A la suite du retrait américain, l'Etat islamique d'Irak va revendiquer la victoire sur l'occupant et multiplier les opérations contre ceux qu'il perçoit comme ses «collaborateurs» en intensifiant les attentats suicides, les assassinats de personnalités politiques, religieuses ou encore d'officiers de l'armée irakienne. Outre l'exécution d'attentats, les combattants de l'Etat islamique d'Irak peuvent également fonctionner en commandos et en troupe de chocs, menant des attaques spectaculaires contre des prisons, des villes-garnisons ou encore des postes de police avec un arsenal allant du pistolet muni de silencieux aux explosifs militaires C-4, qu'il est difficile de se procurer sans bénéficier d'un réseau au sein d'une armée régulière. Cette remontée en puissance de l'Etat islamique d'Irak sur le plan militaire durant l'année 2012 est d'autant plus impressionnante que c'est précisément à cette période qu'une de ses brigades allait ouvrir un nouveau front en Syrie. L'objectif de cette expansion de l'Etat islamique est d'établir une continuité territoriale entre les régions sunnites d'Irak et les zones orientales syriennes, puis tout le territoire du Levant, afin de renverser le rapport de force démographique entre sunnites et chiites qui reste défavorable à l'Etat, tant que celui-ci demeure confiné aux frontières irakiennes.

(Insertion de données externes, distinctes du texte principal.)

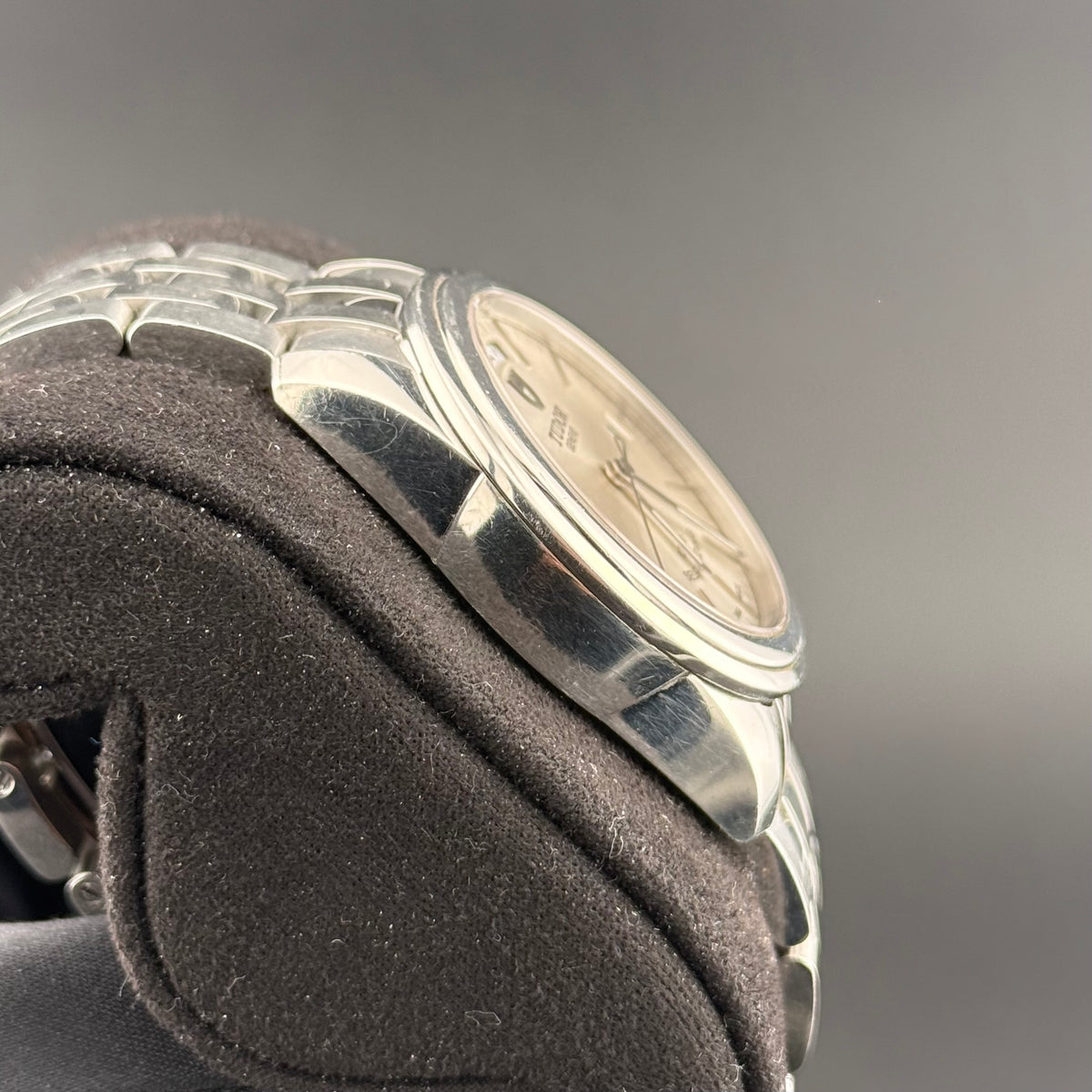 Tudor Glamour Date-Day 56000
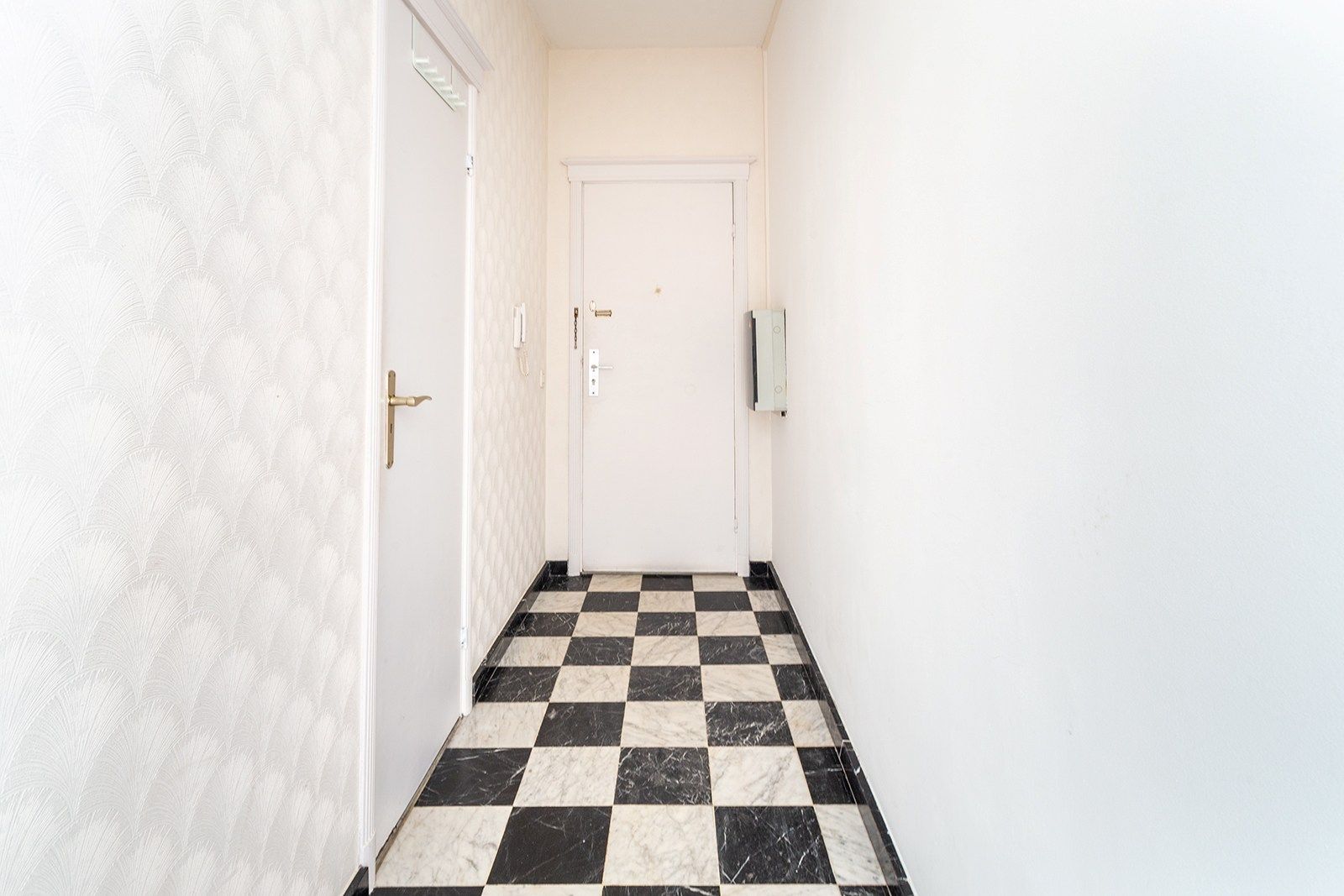 Instapklaar appartement met ruim terras  foto 24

Religioscope - Quelles sont ses relations avec Jabhat an-Nusra? Cette dernière n'est-elle réellement à l'origine qu'une simple brigade de l'Etat islamique d'Irak?
Romain Caillet - Depuis le 9 avril 2013, trois communiqués de l'Etat islamique d'Irak, devenu l'Etat islamique en Irak et au Levant (ad-Dawlat al-Islâmiyya fî-l-'Irâq wa-sh-Shâm) et un communiqué de Jabhat an-Nusra (le Front du secours) ont éclairci toutes les zones d'ombre entourant son émergence en Syrie, sous le commandement d'Abû Muhammad al-Jûlânî. Le régime syrien porte indiscutablement une responsabilité dans son développement, ayant manifestement estimé, au nom d'une stratégie relativement perverse, que le bénéfice qu'il pouvait escompter d'un groupe crédibilisant ses discours stigmatisant une opposition composée exclusivement de mercenaires d'al-Qaïda était supérieur à la nuisance de ce qui n'était encore qu'un groupuscule jihadiste. Toutefois, la situation échappera totalement à son contrôle à partir du mois de juillet 2012, lorsque Jabhat an-Nusra apparaît comme la force la plus efficace militairement à la faveur de la bataille d'Alep, où les jihadistes se précipitent pour combattre en première ligne tandis que les hommes de l'ASL abandonnent le front.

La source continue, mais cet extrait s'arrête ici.